Smoke alarms that use a mother’s voice wake children better than the usual high-pitch tone, according to a new study.

Researchers said that the alarm using a woman’s voice was nearly 40 percent more effective at wakening children and 35 percent more effective at prompting children ‘to escape’

Figures show that when residential fires happen at night while people are sleeping, deaths are more likely to occur and that many young children don’t wake up to traditional high-pitch tone alarms.

The team, from Nationwide Children’s Hospital in Ohio, says that their findings may help develop more effective smoke alarm that will help young children find their way to safety in the event of a fire – even if they’re home alone. 

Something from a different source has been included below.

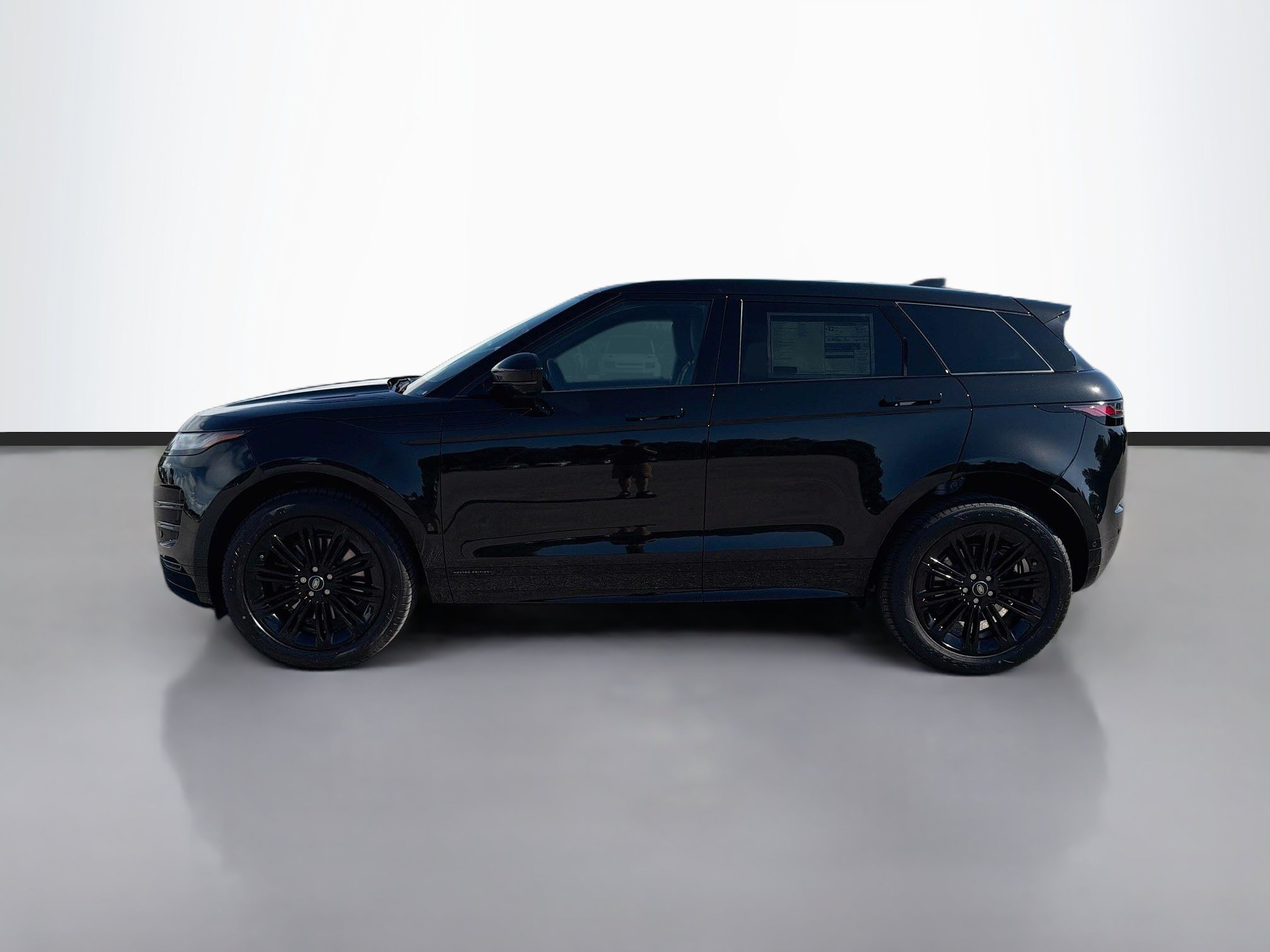 New 2026 Land Rover Range Rover Evoque Hoxton AWD/4WD image 2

Smoke alarms that use a mother’s voice are far better at waking young children and getting them to escape a burning home than are traditional beeping ones, new research found 

For the study, the researchers examined characteristics of four different smoke alarms to determine which ones worked best to wake children.

They tested three alarms that used the mother’s voice in addition to a high-pitch tone smoke alarm commonly used in homes.

The study included 176 children ranging from five to 12 years old who visited a sleep research center.

The team explained that it chose this age range because children younger than five are regarded by the fire safety community as being too developmentally immature to reliably perform self-rescue in a home fire, and therefore must rely on adult rescue. 

And teenagers, they said, do not experience the same difficulty as younger children in awakening to a high-pitch tone smoke alarm.

Researchers found that a sleeping child was around three times more likely to be woken up by one of the three voice alarms than by the tone alarm.

The alarms using the mother’s voice woke up between 86 and 91 percent of children and prompted between 84 and 86 percent to ‘escape’ from the bedroom.

In comparison, the tone alarm only woke up 53 percent of children and prompted 51 percent to ‘escape’.

The study also examined the effect of the different alarms on the amount of time it took the children to get out of the bedroom.

In a real fire, if a child wakes up but takes too long to leave a burning building, he or she could suffer serious or fatal injuries. 

The researchers said that the median time to escape for the high-pitch tone alarm was 282 seconds – nearly five minutes – while the median times to escape for the voice alarms ranged from 18 to 28 seconds.

Because the human brain responds differently to the sound of our own name, even during sleep, the researchers wanted to test whether including the child’s first name in the alarm message made a difference in alarm effectiveness.

But no significant differences were found between each pair of the voice alarms, regardless of whether the child’s name was included in the message.

‘Children are remarkably resistant to awakening by sound when asleep,’ said study co-author Dr Mark Splaingard, director of the Sleep Disorders Center at Nationwide Children’s Hospital in Columbus, Ohio.

‘Children sleep longer and deeper than adults and require louder sounds to awaken than adults. For these reasons, children are less likely to awaken and escape a nighttime home fire.

‘The fact that we were able to find a smoke alarm sound that reduces the amount of time it takes for many children five to 12 years of age to wake up and leave the bedroom could save lives.’

Lead author Dr Gary Smith, director of the Center for Injury Research and Policy at Nationwide Children’s Hospital, said the alarm wasn’t just effective for arousing children but ‘practical’ for parents.  

‘[The study] showed that the mother’s voice was enough to be effective without using the child’s first name. This means one alarm could work for multiple children sleeping near each other in a home,’ he said.

For future research, the team says it wants to perform studies assessing the role of mother’s voice against a generic female or male voice.